Prof Greville G. Corbett Dr Norman Fraser Dr Dunstan Brown
Period of award
September 1992 - August 1995
Economic and Social Research Council (ESRC)
As part of the attempt to define the possible structures of human language, this project led to the development of a formal approach to model the diversity of possible morphological systems.
We analysed the word-structure of a typologically diverse set of languages including those with radically different morphological systems from English. The framework within which the principles of possible variation are articulated is called Network Morphology. Analyses are represented in the lexical knowledge representation language DATR, allowing computer verification of the accuracy of the analyses. Thus, this research constitutes a contribution to the fields of linguistic typology and morphology, using formal computational methods.
Network Morphology was initially developed for representing complex data from Russian. This development contrasted languages which have morphology at opposite ends of the spectrum of possibilities.
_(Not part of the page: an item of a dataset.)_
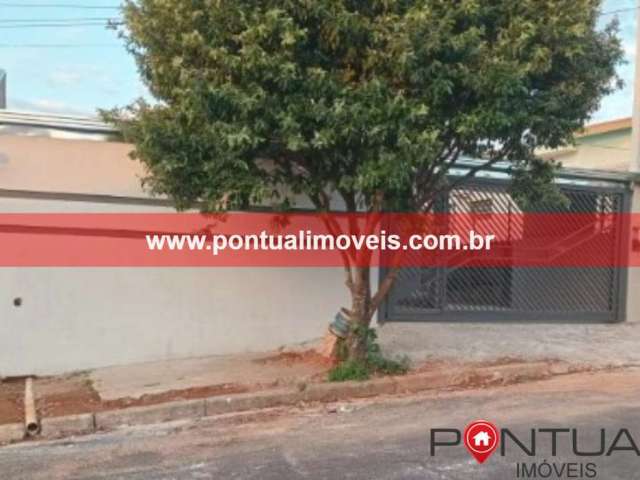 Imperdível oportunidade: Casa à venda em Marília-SP, bairro Palmital, 2 quartos, 1 suíte, 1 sala, 3 banheiros, 2 vagas, 80m².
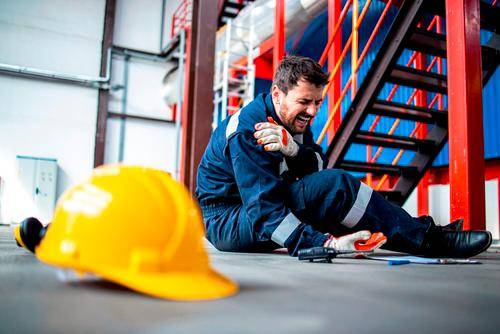 Persona teniendo un accidente en jornada laboral. Foto: Shutterstock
Slavonic languages (Bulgarian, Polish and Russian) represent languages with fusional morphology (where disparate information is packed into small segments). They were contrasted with two polysynthetic languages (the Eskimo language Yup'ik and the Australian language Mayali) which can build up long, complex but segmentable word-forms.
For each language a computational model was developed using DATR , so that we could make and evaluate explicit theoretical claims and check that the correct forms were indeed predicted. Understanding the range of possible human languages enables us to understand our own, for theoretical and practical, computational purposes.